== EXCERPTED DATA
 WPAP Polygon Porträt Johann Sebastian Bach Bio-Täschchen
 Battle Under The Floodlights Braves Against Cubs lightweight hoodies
====
== EXCERPTED DATA
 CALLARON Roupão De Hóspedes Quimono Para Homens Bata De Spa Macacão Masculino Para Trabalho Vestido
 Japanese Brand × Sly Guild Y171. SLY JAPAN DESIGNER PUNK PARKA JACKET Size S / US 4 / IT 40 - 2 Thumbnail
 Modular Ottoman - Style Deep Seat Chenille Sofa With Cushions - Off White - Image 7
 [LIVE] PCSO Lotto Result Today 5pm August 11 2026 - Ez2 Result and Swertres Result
====
■ TASK DESCRIPTION: Word for word, restate the lines above from the line containing "WPAP Polygon Porträt" through the line containing "Battle Under The", with both included and nothing else.

■ TASK OUTPUT:
 WPAP Polygon Porträt Johann Sebastian Bach Bio-Täschchen
 Battle Under The Floodlights Braves Against Cubs lightweight hoodies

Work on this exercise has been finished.